In this article regarding kernel mode rootkit we will be talking about user mode, kernel mode, and rootkit behavior. Trying to give example of kernel rootkit to make it more understood.
In short, kernel mode rootkit is a rootkit that works and operates in the kernel of the operating system. Mostly this is a driver.
To start with, kernel mode rootkit is a rootkit that works in the kernel. If we do a split in the operating system there are 2 spaces. There is the user space, where all the user stuff happens, and the kernel space, where the OS communicates with the hardware and manages all around the OS.
When we talk about kernel we are talking about drivers, system drivers. You can think of a driver as a translator between the operating system and the hardware. Each hardware has its own driver that can control it. Sending commands, getting information, and so on.
There are several types of drivers, from the bus driver that talks directly to the hardware to filter drives and software drivers. Filter drivers can change or enrich other drivers without the need to change the bus driver. Software drivers, or user mode drivers, can be used by software to communicate with the kernel drivers. You can refer to this document to get more information about types of Windows driver – types of Microsoft Windows drivers.

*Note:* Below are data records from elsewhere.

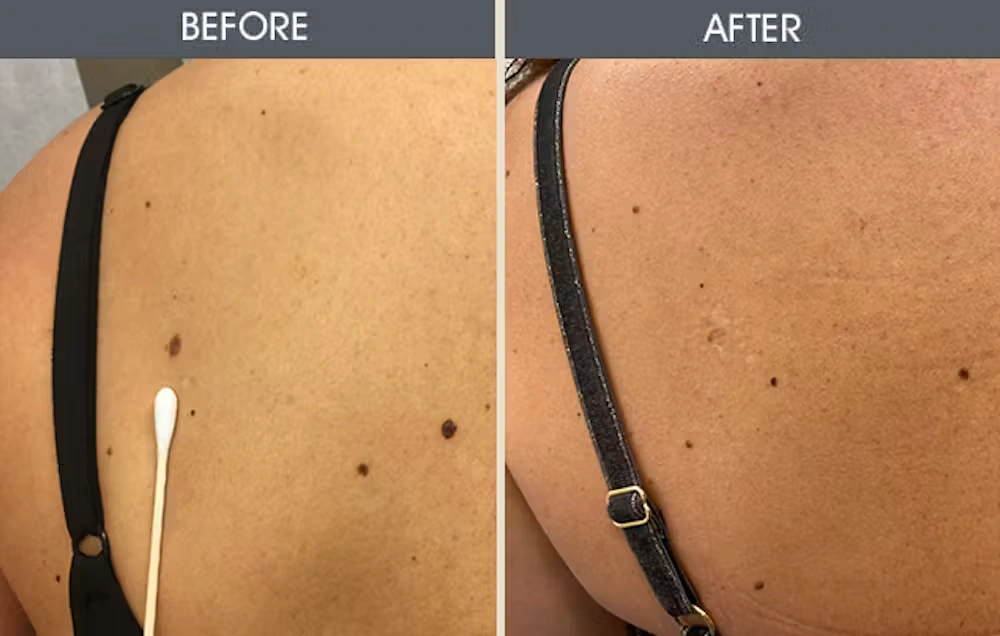 Real patient results in New York, NY Performed by Darrick E. Antell MD, FACS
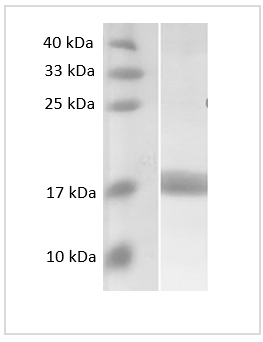 Human MCP2 protein, SUMO tag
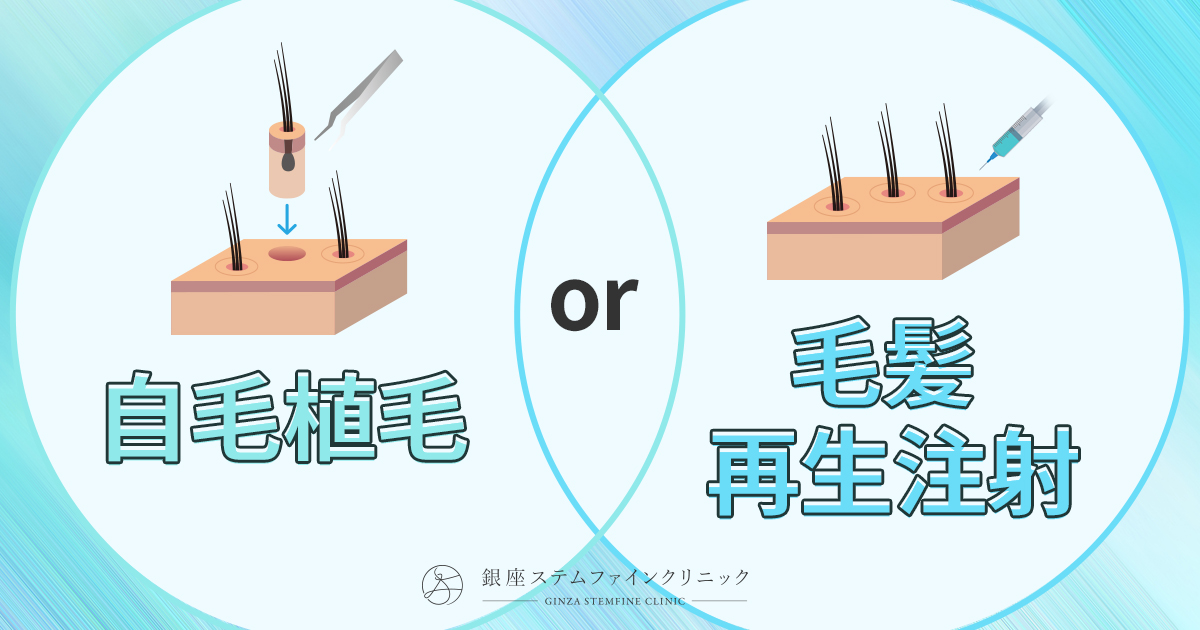 【中古】 医療植毛の最新テクニック 自毛植毛と毛髪再生注射の違いを解説。あなたに合うのはどっち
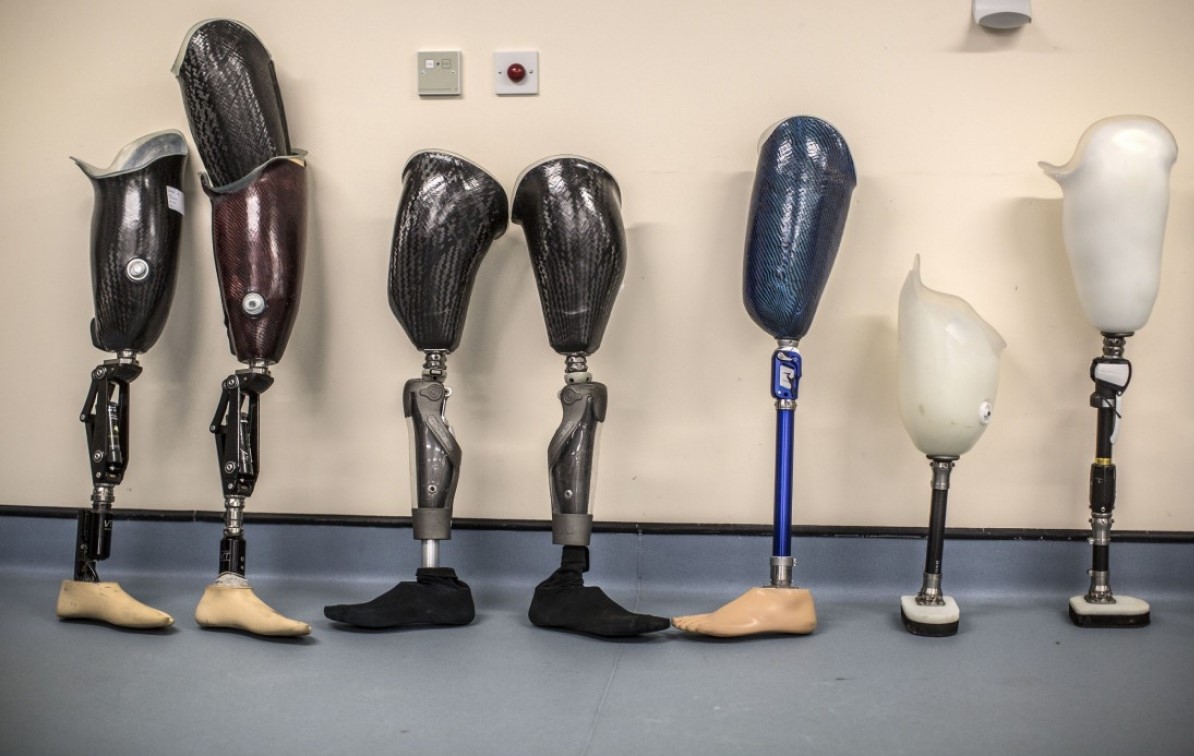 Orthèse, attelle ou prothèse : quelles différences ?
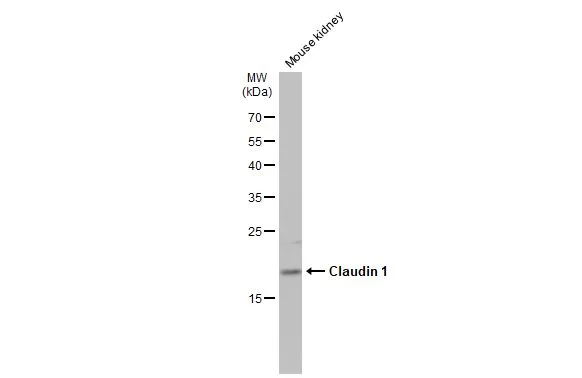 Mouse tissue extract (50 μg) was separated by 12% SDS-PAGE, and the membrane was blotted with Claudin 1 antibody (GTX134842) diluted at 1:1000. The HRP-conjugated anti-rabbit IgG antibody (GTX213110-01) was used to detect the primary antibody.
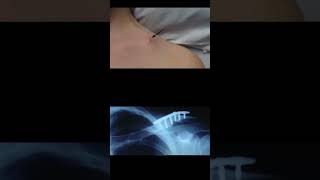 Broken Collarbone Clavicle Fracture [upl. by Skees]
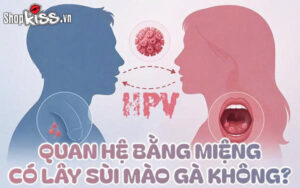 Quan hệ bằng miệng có lây sùi mào gà không?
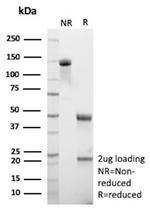 MUC13/Mucin 13 Antibody in SDS-PAGE (SDS-PAGE)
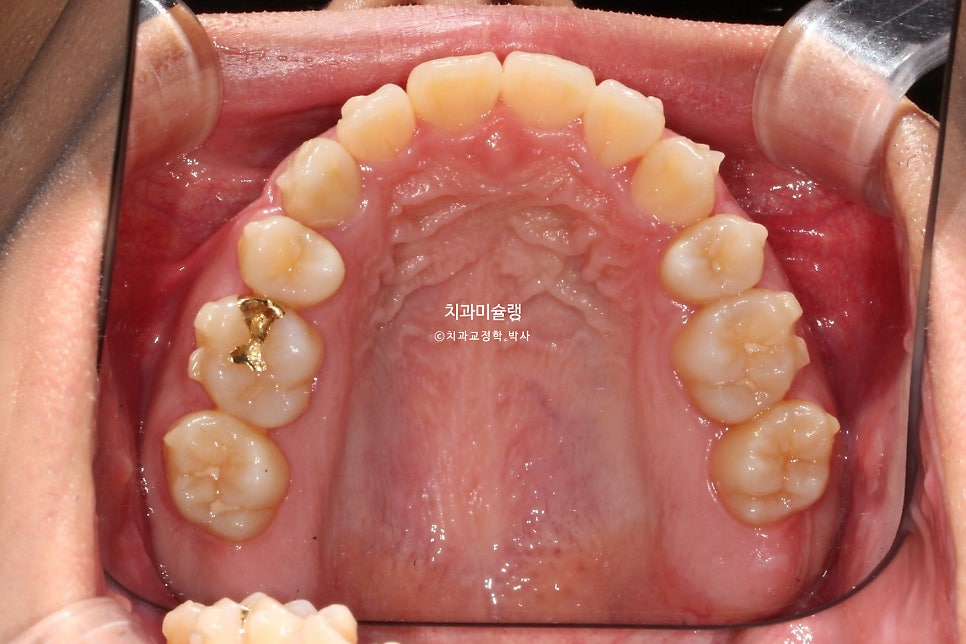 돌출입 잇몸미소 발치 교정 군인 인비절라인 반대교합 덧니 중심선 거미스마일 치료 기간 1년11개월 재제작 1회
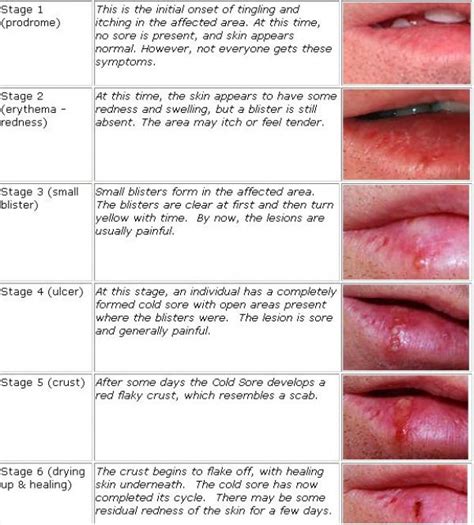 Cold Sore On Lip Stages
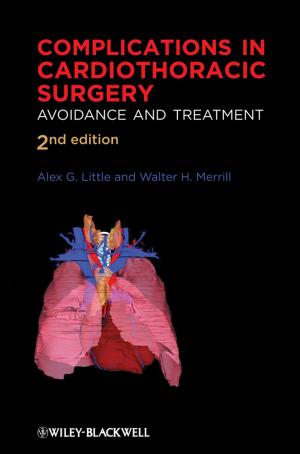 Cover of the book Complications in Cardiothoracic Surgery by Frank Ryan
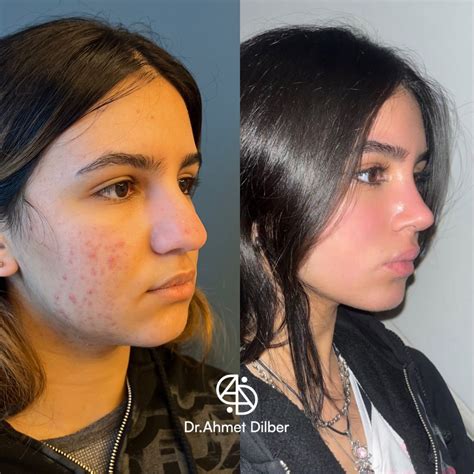 Rhinoplasty nose job – Artofit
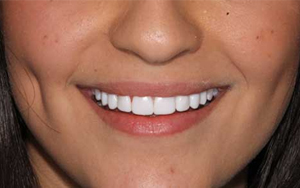 We are the best dentistry in Sydney.
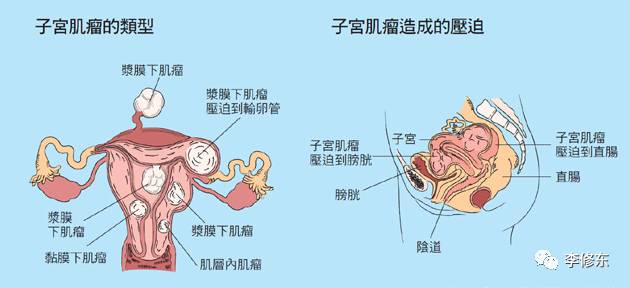 “乳房不摸，小心被割”！别不信！(图12)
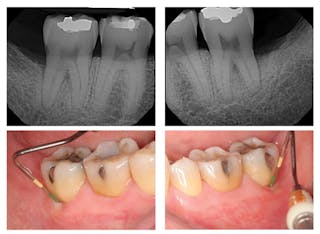 Nonsurgical attachment gain: A protocol for achieving periodontal  reattachment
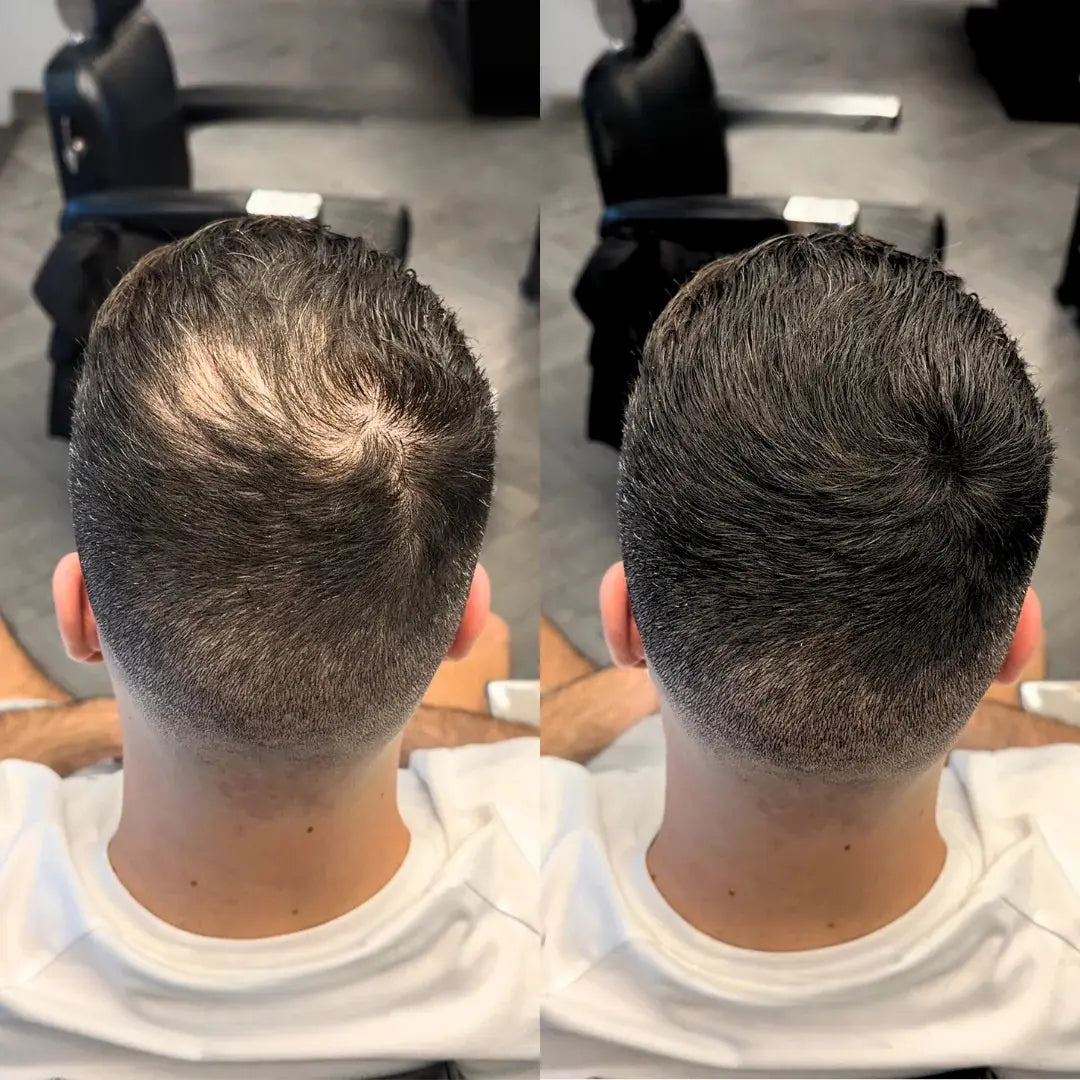 Apex Hair® - Pó Capilar que Cobre Calvície e Falhas na Hora | Acabamento Natural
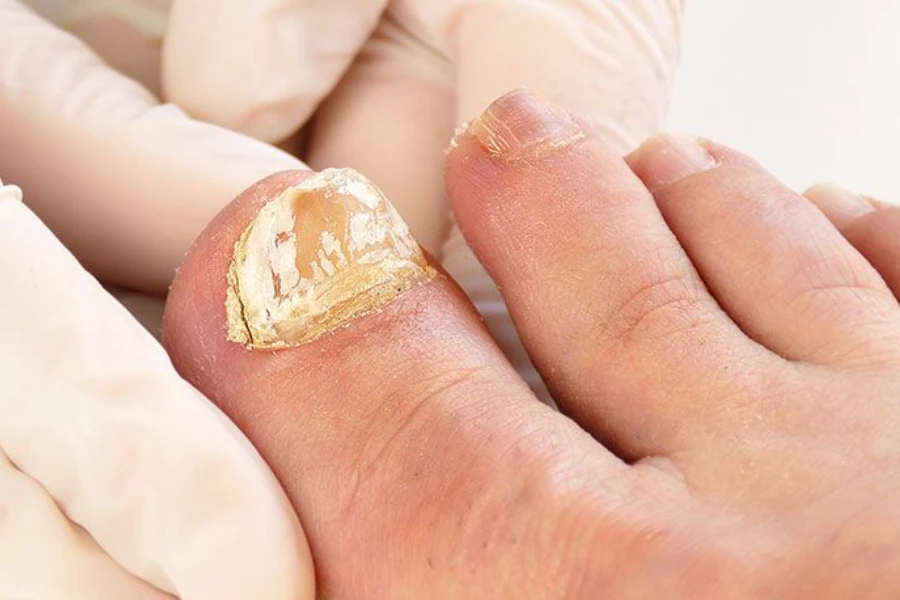 Fungal nail treatment in progress at SkinKouture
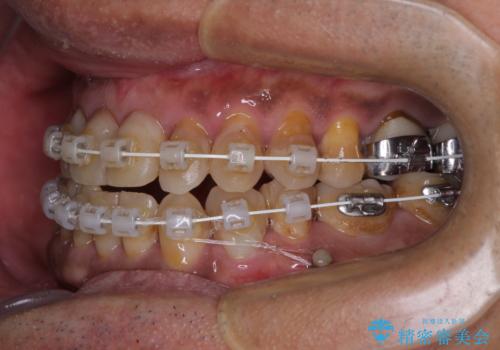 今からでも綺麗な歯並びを手に入れたい 40代男性のワイヤー矯正の治療中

The big changes with drivers and rootkit:
In the older version of windows, once you were in the kernel you had the highest privilege on the system and you were able to do anything in there. You did not have to sign your driver and were able to load it using code during runtime. it was the age of rootkit. You can easily hide almost anything on the system. From the running process, users, registry keys to a hidden network connection. After Windows XP service pack 3, this was changes.
Since the change. You had to sign your driver and the trick to load it into the kernel was blocked. AfterXP SP3 the kernel of the Windows operating system was changed and a new era of rootkit was born – the bootkit.
Rootkit vs Bootkit:
The main diff between rootkit and bootkit is that bootkit aims the boot process of the system. Including changing the BIOS operation on the device with a rootkit infected one. Using bootkit to infect the BIOS location on the system can have a very big benefit for the malware. It can bypass most of the current security tools.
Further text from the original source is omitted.